La passeggiata a mare Anita Garibaldi, Nervi

This entry is part 2 of 7 in the series Ligurian Diaries

Slurp! Slurp! Slurp! The little pink tongue of my four-year old son licked everything of the last heavens of gelato. I had already finished my orange flavored gelato and could understand his desire to lick.

“Why ice-cream is so tasty here?”, asked he.

“Because it has less air, less fat and so it does not coat your tongue, therefore the flavors become intense”, I thought in my mind. But this could not be explained to a four-year old kid. So I said, “Because you are hungry and thirsty after a long walk, and you are eating the gelato at sea-side watching trains and aeroplanes and kayaks and sailboats.”

He thought for a moment and ran to look at the train pulling into Nervi Station. I pondered if the dramatic settings does enhance the gourmet value of food. I think yes, but only if that food is good itself.

 Nervi train station

Nervi train station

The train pulled in at the station of Nervi, Genoa. Few teenagers sprang out and went gaga over the sea, as the station is right at the sea, just above a lovely promenade called Passegiata Anita Garibaldi. A fat plump lady, who was sitting next to my chair smiled and waved bye to my son, as she boarded the train. We were at the station watching the trains which we invariably did everyday for three months of our stay there. When we had finished three trains, he(my son) would hop and walk with me all along the promenade. People knew our routine and they smiled to him every morning.
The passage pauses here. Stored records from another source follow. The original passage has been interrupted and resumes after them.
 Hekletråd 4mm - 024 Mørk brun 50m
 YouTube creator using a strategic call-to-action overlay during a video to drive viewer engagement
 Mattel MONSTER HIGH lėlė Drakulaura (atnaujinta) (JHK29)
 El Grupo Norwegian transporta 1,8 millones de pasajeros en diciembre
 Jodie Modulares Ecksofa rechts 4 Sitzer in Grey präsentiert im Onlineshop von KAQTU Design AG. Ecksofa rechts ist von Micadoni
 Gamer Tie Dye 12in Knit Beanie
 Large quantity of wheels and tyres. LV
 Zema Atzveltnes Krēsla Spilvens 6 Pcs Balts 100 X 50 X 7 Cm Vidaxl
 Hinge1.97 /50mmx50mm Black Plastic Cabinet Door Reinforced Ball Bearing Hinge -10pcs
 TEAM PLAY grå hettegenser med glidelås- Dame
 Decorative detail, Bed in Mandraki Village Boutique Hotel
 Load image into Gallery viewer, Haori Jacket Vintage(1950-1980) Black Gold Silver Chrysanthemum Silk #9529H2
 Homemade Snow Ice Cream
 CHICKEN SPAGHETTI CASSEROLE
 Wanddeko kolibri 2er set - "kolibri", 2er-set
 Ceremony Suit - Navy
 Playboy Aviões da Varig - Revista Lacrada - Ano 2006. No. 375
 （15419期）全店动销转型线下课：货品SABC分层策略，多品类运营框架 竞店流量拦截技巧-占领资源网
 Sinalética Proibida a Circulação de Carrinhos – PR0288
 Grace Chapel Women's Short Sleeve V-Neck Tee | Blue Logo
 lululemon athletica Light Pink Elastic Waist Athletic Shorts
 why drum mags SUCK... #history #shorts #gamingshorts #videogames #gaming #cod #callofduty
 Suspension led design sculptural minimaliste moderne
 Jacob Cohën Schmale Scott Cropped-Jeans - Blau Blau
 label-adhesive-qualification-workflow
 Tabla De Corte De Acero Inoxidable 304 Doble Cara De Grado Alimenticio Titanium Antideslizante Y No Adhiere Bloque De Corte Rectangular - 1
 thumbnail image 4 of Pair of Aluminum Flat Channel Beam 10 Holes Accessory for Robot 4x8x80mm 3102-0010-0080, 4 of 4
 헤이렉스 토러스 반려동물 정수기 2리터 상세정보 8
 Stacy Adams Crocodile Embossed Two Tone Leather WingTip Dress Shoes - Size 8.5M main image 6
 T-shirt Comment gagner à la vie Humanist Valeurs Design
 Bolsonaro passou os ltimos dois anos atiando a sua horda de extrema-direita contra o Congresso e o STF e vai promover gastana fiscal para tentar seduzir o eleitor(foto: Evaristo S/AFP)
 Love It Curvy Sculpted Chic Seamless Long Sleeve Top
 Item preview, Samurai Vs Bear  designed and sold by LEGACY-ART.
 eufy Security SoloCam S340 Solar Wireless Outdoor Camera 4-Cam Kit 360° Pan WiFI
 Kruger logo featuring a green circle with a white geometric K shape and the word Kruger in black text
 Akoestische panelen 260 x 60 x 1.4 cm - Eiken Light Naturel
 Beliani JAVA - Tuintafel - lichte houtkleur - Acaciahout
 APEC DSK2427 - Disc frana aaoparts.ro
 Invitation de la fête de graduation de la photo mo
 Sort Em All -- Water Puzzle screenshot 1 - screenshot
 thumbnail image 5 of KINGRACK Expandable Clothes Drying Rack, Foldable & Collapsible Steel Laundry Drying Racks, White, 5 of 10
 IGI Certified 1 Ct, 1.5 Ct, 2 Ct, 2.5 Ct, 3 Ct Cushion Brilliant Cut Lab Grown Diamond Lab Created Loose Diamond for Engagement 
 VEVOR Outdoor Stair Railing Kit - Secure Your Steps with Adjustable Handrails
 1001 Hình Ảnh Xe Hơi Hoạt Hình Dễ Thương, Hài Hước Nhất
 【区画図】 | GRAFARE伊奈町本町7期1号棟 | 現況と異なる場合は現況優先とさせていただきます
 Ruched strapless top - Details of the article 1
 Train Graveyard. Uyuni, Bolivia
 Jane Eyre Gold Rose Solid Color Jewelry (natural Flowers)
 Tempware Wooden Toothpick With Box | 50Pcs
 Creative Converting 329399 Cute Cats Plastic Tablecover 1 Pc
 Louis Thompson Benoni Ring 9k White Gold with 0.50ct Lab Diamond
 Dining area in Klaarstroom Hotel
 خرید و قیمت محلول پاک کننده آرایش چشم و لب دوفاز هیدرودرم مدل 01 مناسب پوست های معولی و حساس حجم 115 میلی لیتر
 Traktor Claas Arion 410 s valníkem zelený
Nervi is a small up-market residential town that boasts of a seaside; not with beaches but rocky cliffs. This saves the sea from unending rows of sun umbrellas, crowd of sunbathing people and horde of tourists. However a two kilometer promenade called Passagiata Anita Garibaldi along its coastal side more than compensates for the beach.

Having ‘done’ three trains, we came out of the station, took right, went through a small tunnel, and in less than five minutes we were on the promenade of Nervi, called Passegiata Anita Garbaldi. The promenade is made lovelier by its brick flooring and the stone walls on the other side of the cliff,and it does not ruin the natural surroundings.

A few trains, some sail boats and kayaks and a few aeroplanes fill vistas of sea. An increased appetite can be satiated at a few kiosks offering good Italian gelato and Focaccia and Pasta with pesto, a specialty of Genoese Cuisine.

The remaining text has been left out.